- TASK TO CARRY OUT: Type out the records again, exactly as they are.

++++ PROVIDED DATA

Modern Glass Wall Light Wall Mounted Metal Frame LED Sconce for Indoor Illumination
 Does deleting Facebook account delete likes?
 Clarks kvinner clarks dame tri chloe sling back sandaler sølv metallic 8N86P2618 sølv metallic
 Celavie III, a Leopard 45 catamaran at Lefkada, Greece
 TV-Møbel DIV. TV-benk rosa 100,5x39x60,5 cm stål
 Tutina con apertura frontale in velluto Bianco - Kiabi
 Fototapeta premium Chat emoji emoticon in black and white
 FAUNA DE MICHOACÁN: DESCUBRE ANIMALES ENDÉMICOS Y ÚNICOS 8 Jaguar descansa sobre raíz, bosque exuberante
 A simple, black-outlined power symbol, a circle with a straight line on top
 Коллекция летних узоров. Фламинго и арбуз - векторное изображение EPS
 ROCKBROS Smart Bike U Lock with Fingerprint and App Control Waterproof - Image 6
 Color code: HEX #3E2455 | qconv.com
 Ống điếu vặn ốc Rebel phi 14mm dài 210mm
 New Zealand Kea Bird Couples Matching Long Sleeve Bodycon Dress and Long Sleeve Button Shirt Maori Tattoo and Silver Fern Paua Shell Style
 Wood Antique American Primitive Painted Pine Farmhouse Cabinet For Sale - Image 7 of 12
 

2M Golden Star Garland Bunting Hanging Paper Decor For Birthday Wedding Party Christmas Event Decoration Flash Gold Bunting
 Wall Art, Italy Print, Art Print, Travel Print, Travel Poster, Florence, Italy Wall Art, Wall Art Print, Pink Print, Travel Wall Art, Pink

++++++++

- EXERCISE ANSWER:
Modern Glass Wall Light Wall Mounted Metal Frame LED Sconce for Indoor Illumination
 Does deleting Facebook account delete likes?
 Clarks kvinner clarks dame tri chloe sling back sandaler sølv metallic 8N86P2618 sølv metallic
 Celavie III, a Leopard 45 catamaran at Lefkada, Greece
 TV-Møbel DIV. TV-benk rosa 100,5x39x60,5 cm stål
 Tutina con apertura frontale in velluto Bianco - Kiabi
 Fototapeta premium Chat emoji emoticon in black and white
 FAUNA DE MICHOACÁN: DESCUBRE ANIMALES ENDÉMICOS Y ÚNICOS 8 Jaguar descansa sobre raíz, bosque exuberante
 A simple, black-outlined power symbol, a circle with a straight line on top
 Коллекция летних узоров. Фламинго и арбуз - векторное изображение EPS
 ROCKBROS Smart Bike U Lock with Fingerprint and App Control Waterproof - Image 6
 Color code: HEX #3E2455 | qconv.com
 Ống điếu vặn ốc Rebel phi 14mm dài 210mm
 New Zealand Kea Bird Couples Matching Long Sleeve Bodycon Dress and Long Sleeve Button Shirt Maori Tattoo and Silver Fern Paua Shell Style
 Wood Antique American Primitive Painted Pine Farmhouse Cabinet For Sale - Image 7 of 12
 

2M Golden Star Garland Bunting Hanging Paper Decor For Birthday Wedding Party Christmas Event Decoration Flash Gold Bunting
 Wall Art, Italy Print, Art Print, Travel Print, Travel Poster, Florence, Italy Wall Art, Wall Art Print, Pink Print, Travel Wall Art, Pink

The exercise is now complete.